::: DATA SECTION :::

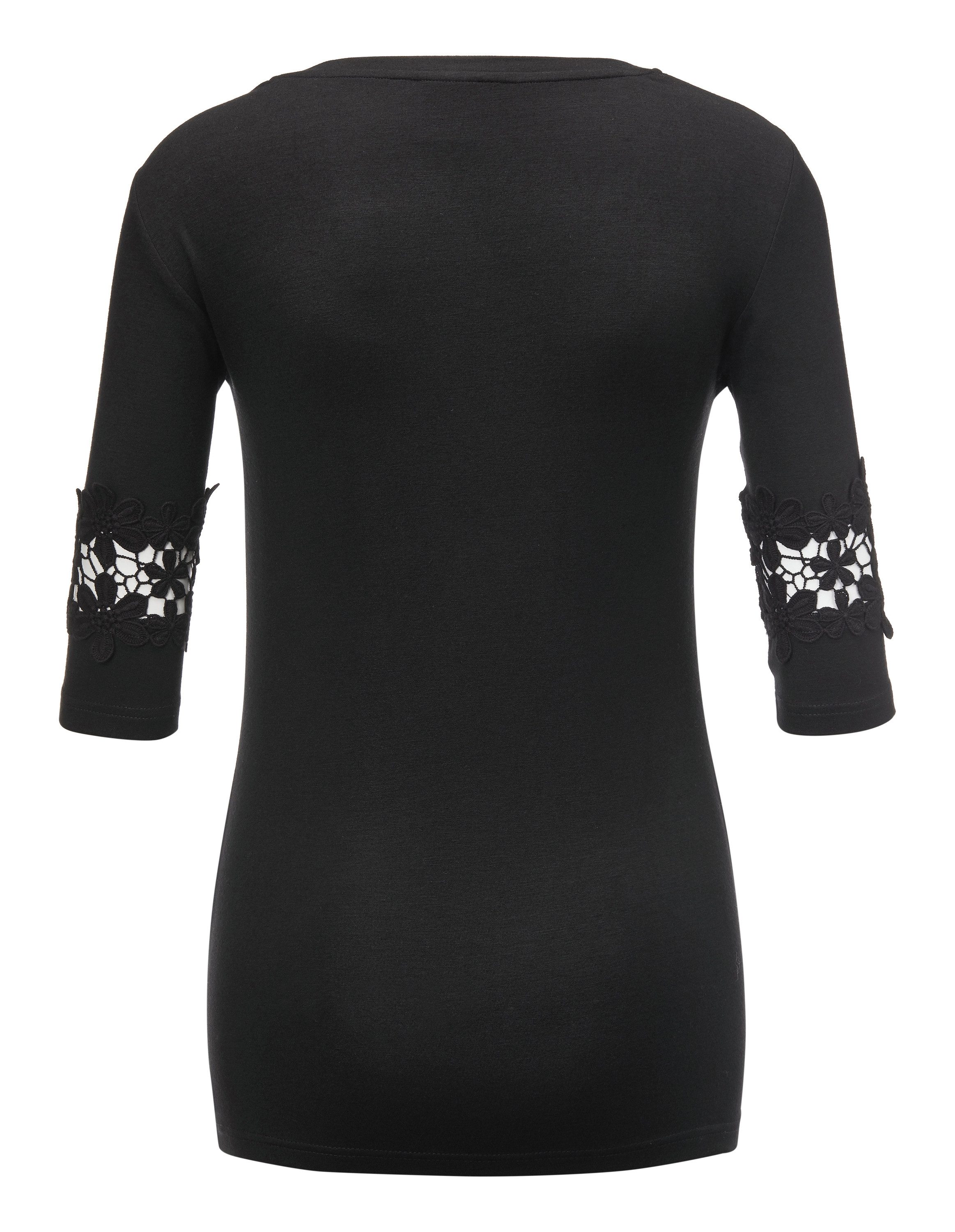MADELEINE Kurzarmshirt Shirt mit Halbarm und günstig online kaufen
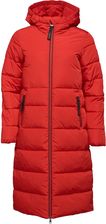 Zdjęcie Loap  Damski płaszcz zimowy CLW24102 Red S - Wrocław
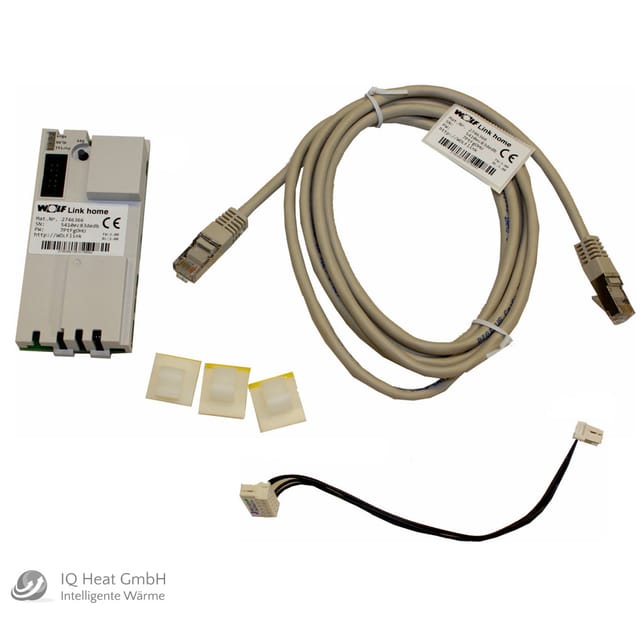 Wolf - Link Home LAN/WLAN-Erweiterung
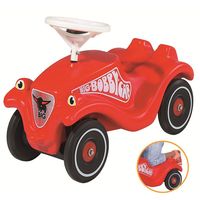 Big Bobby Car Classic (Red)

:::

■ ACTION ITEM: Apart from the pictures, every line of the data above should be given again exactly.

■ RESPONSE FOR THIS EXERCISE:
MADELEINE Kurzarmshirt Shirt mit Halbarm und günstig online kaufen
 Zdjęcie Loap  Damski płaszcz zimowy CLW24102 Red S - Wrocław
 Wolf - Link Home LAN/WLAN-Erweiterung
 Big Bobby Car Classic (Red)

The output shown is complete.